RuntimeException when running with very high options in 0.2.0.0 (Bitset too long to encode)

Question

RuntimeException when running with very high options in 0.2.0.0 (Bitset too long to encode)

JorgenRingen opened this issue 4 years ago · comments

Did some testing with very high ParallelConsumerOptions in a pollAndProduce that reads from input-topic with 1.000.000 records and writes to output-topic.

Config:

ParallelConsumerOptions(consumer=org.apache.kafka.clients.consumer.KafkaConsumer@7f0a133d, producer=org.apache.kafka.clients.producer.KafkaProducer@241fbec, ordering=UNORDERED, commitMode=CONSUMER_ASYNCHRONOUS, maxNumberMessagesBeyondBaseCommitOffset=1000, maxMessagesToQueue=1000, numberOfThreads=100)
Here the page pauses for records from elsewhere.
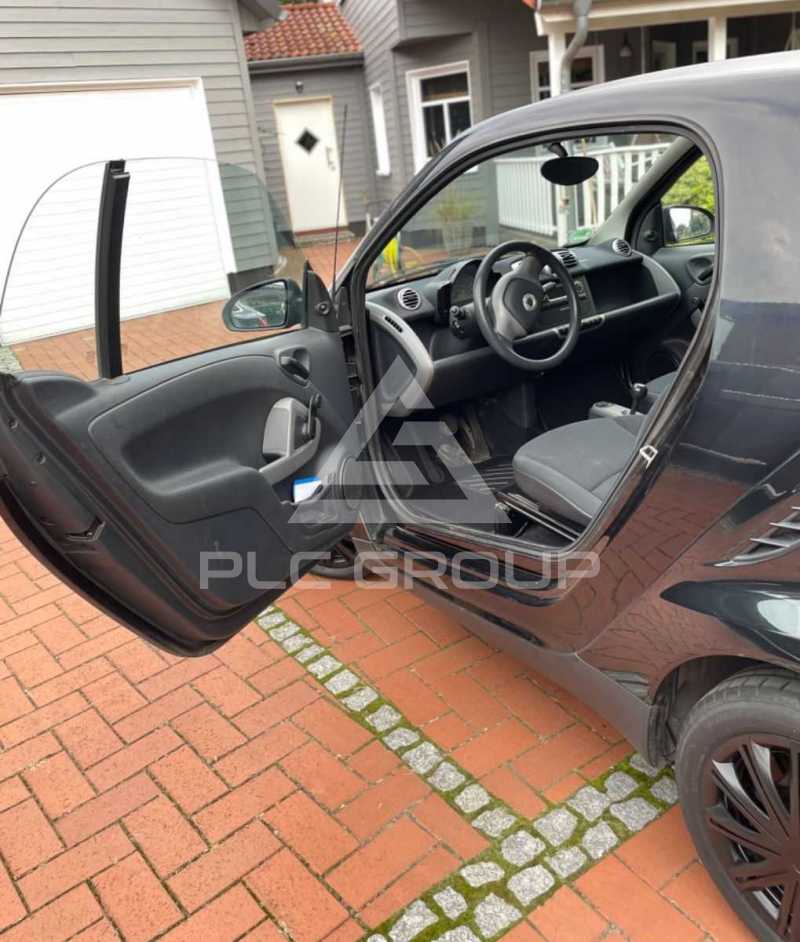 2011 Smart FORTWO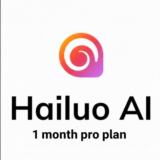 План Hailuo AI Pro — подписка на 1 месяц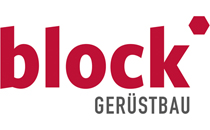 Logo Gerüstbau Block Bitterfeld GmbH Chemiestandort Leuna Leuna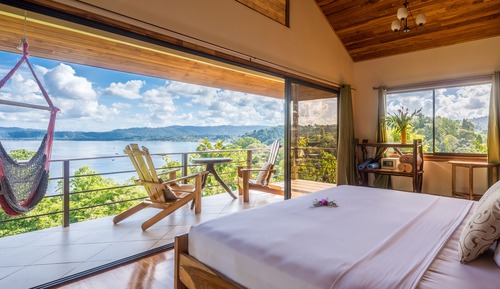 Bungalow with Panoramic Sea View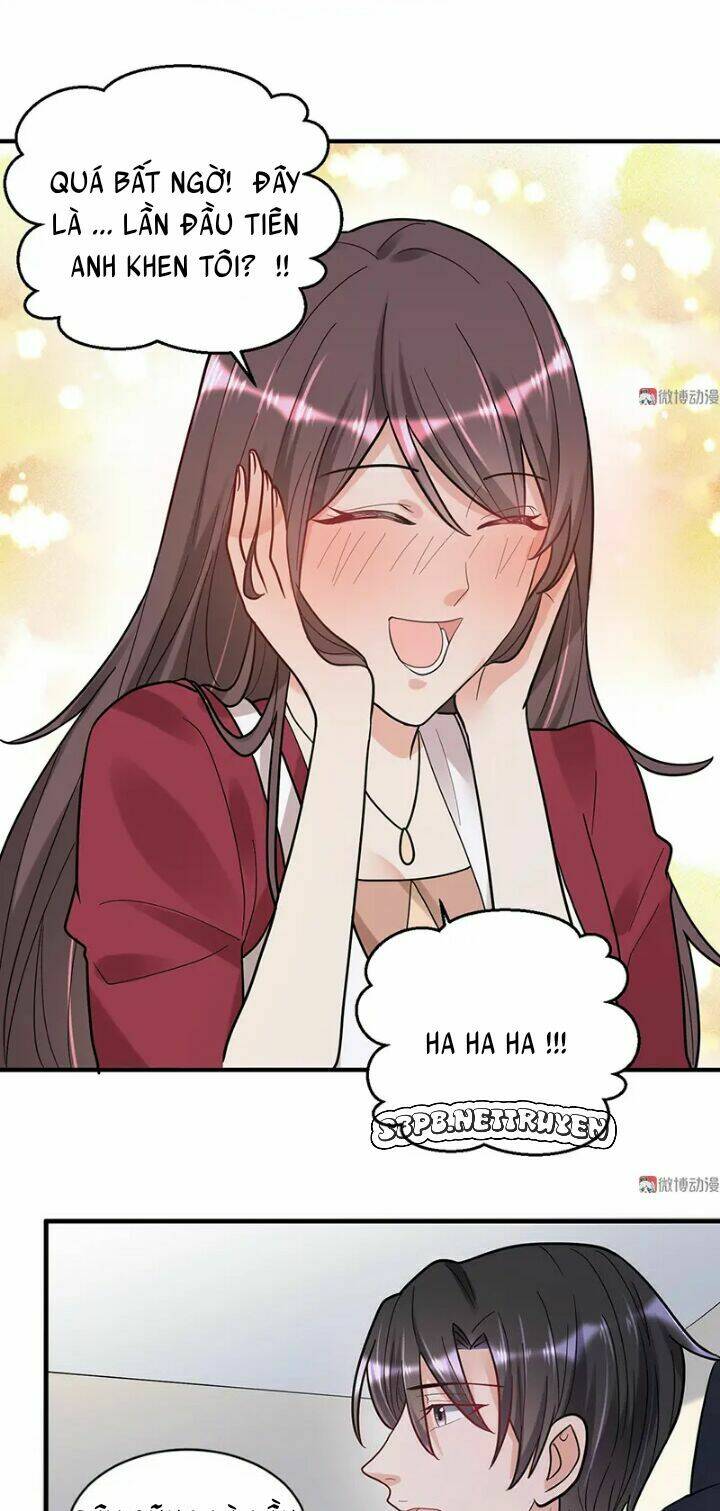 tổng tài truy thê: phu nhân đừng hòng trốn chapter 25 32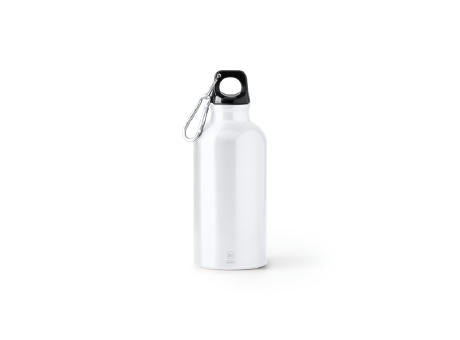 WASSERFLASCHE RENKO S/EINHEITSGRÖSSE WHITE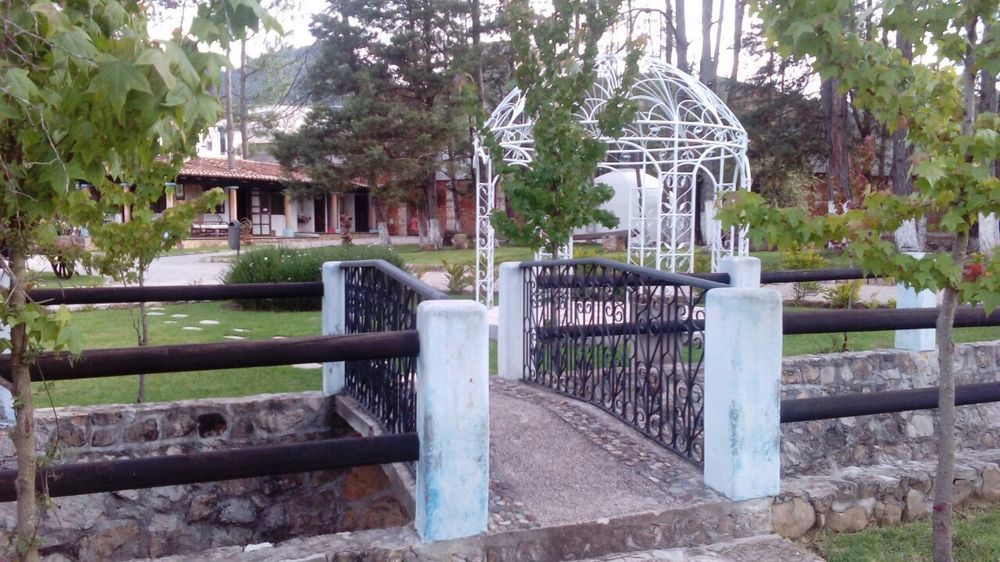 Hotel Hacienda Club La Diligencia San Cristóbal de Las Casas المظهر الخارجي الصورة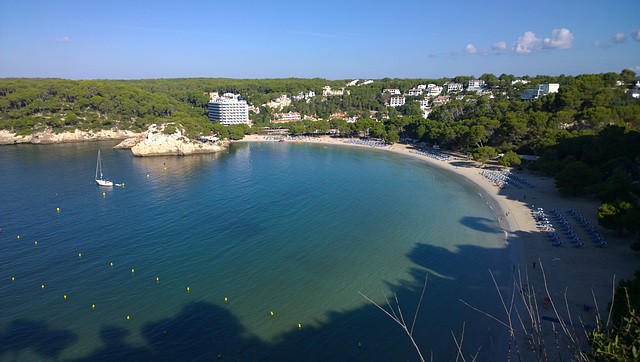 Cala Galdana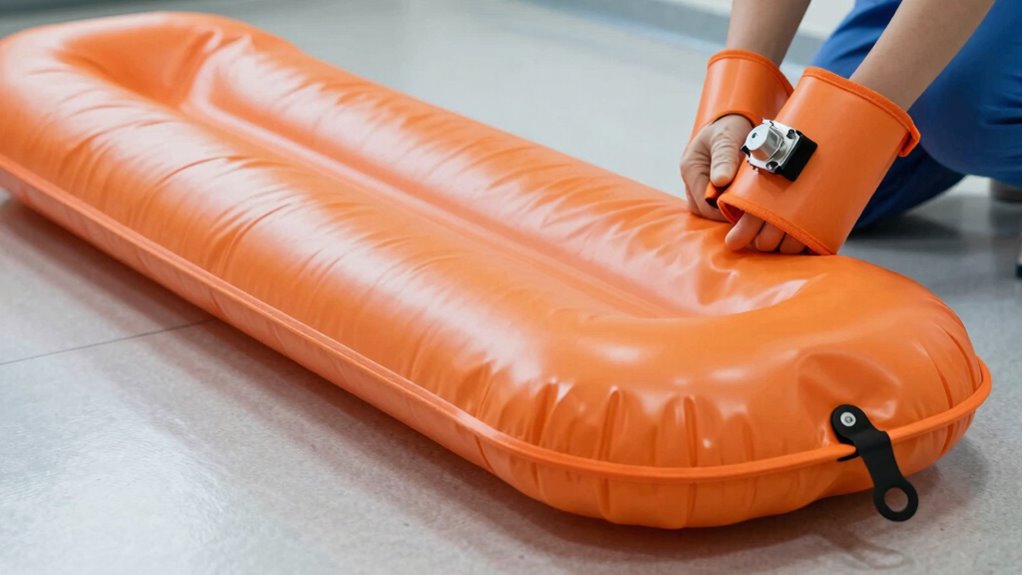 inflatable cushion selection considerations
Error while running pollAndProduce-loop which closes the consumer:

2020-11-26T21:33:40,069 ERROR [control] i.c.p.ParallelEoSStreamProcessor: Error from poll control thread, will attempt controlled shutdown, then rethrow. Error: Bitset too long to encode: 33944. (max: 32767)
java.lang.RuntimeException: Bitset too long to encode: 33944. (max: 32767)
	at io.confluent.parallelconsumer.OffsetSimultaneousEncoder$BitsetEncoder.<init>(OffsetSimultaneousEncoder.java:215)
	at io.confluent.parallelconsumer.OffsetSimultaneousEncoder.invoke(OffsetSimultaneousEncoder.java:102)
	at io.confluent.parallelconsumer.OffsetMapCodecManager.encodeOffsetsCompressed(OffsetMapCodecManager.java:113)
	at io.confluent.parallelconsumer.OffsetMapCodecManager.serialiseIncompleteOffsetMapToBase64(OffsetMapCodecManager.java:97)
	at io.confluent.parallelconsumer.OffsetMapCodecManager.makeOffsetMetadataPayload(OffsetMapCodecManager.java:91)
	at io.confluent.parallelconsumer.WorkManager.findCompletedEligibleOffsetsAndRemove(WorkManager.java:553)
	at io.confluent.parallelconsumer.WorkManager.hasComittableOffsets(WorkManager.java:481)
	at io.confluent.parallelconsumer.ParallelEoSStreamProcessor.commitOffsetsMaybe(ParallelEoSStreamProcessor.java:696)
	at io.confluent.parallelconsumer.ParallelEoSStreamProcessor.controlLoop(ParallelEoSStreamProcessor.java:588)
	at io.confluent.parallelconsumer.ParallelEoSStreamProcessor.lambda$supervisorLoop$10(ParallelEoSStreamProcessor.java:544)
	at java.base/java.util.concurrent.FutureTask.run(FutureTask.java:264)
	at java.base/java.util.concurrent.ThreadPoolExecutor.runWorker(ThreadPoolExecutor.java:1128)
	at java.base/java.util.concurrent.ThreadPoolExecutor$Worker.run(ThreadPoolExecutor.java:628)

Happens consistently for various “bitset-lengths > 32767". However, when I add a 10ms sleep in the pollAndProduduce-loop it goes away.

Pushed a test that should reproduce: JorgenRingen@eb1e9be

(just duplicated TransactionAndCommitModeTest initially for simplicity)

Antony Stubbs · Answer 1 · Fri Nov 27 2020 23:55:59 GMT+0800 (China Standard Time)

This is due to Support BitSet encoding lengths longer than Short.MAX_VALUE #37 . Release 0.2.0.1 was put out incorrectly removing the check, but then it suddenly occurred to me what it was really checking.

However, this situation should not have arose because of the MAX values used in the test, there should never have been that many messages uncommitted anyway. So two issues to fix here - first the reason there were so many to encode in the first place, and second upgrade the BitSet encoder to use Integers.

Antony Stubbs · Answer 2 · Tue Dec 01 2020 05:23:09 GMT+0800 (China Standard Time)

fixed in 0.2.0.3